After three years of hearing “you can’t do this, you can’t do that” from doctors, Russell thought he would never have a new fishing story to tell. Fortunately, somebody was listening.
“Two months ago, I visited Mr. Russell and he told me how much he loved to fish,” said Hospice Southwest nurse practitioner Suzanne Lutts. “He showed me all of his pictures from previous fishing trips and he just glowed. You could see the passion in his eyes and hear the joy in his voice as he reminisced.
“I always ask my patients if there is something more that we can be helping them with,” she added. “Mr. Russell chuckled and said, “well, you could take me fishing.”

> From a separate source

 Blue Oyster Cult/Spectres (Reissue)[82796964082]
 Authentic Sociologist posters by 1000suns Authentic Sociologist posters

Lutts contacted some friends and fellow nurses, one of which was Denise Hood. Denise and her husband Randy turned to their friend Matt Justis, who works at Edward Jones Financial in Camas. Justis volunteered to take Russell out fishing on his boat Thursday, and Hood and her husband came along to supervise.
Russell dressed appropriately for the adventure. He wore a shirt that said, “To fish or not to fish? What a stupid question!”

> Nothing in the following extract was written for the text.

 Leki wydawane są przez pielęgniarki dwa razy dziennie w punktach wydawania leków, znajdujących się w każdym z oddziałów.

“I can’t wait,” Russell said. “I feel like a kid waiting for Christmas. I haven’t been out fishing in two to three years.
“If I come back empty-handed, I’ll be disappointed but tickled to death,” he added. “The only regret I’ll have is that I couldn’t take my wife with me. We went fishing on our honeymoon. Caught some fish, too.”
Millie Russell held back tears watching her husband get on to the boat to go fishing. As they pulled out of the Port of Camas-Washougal, he blew her a kiss and signaled that he loved her.
“This is very emotional,” Millie said. “I am so proud.”
Hood said Justis took Russell down the Columbia River all the way to Ridgefield, before they turned back. They returned to the port at about 6 p.m., but not before Russell hooked himself a 32-inch sturgeon.
The whole trip was quite a story for Russell to share with his friends and family on his 91st birthday Monday.
“It feels absolutely phenomenal to give John that wish,” Hood said. “I am just so glad that Suzie Lutts started the ball rolling on this wonderful gift.”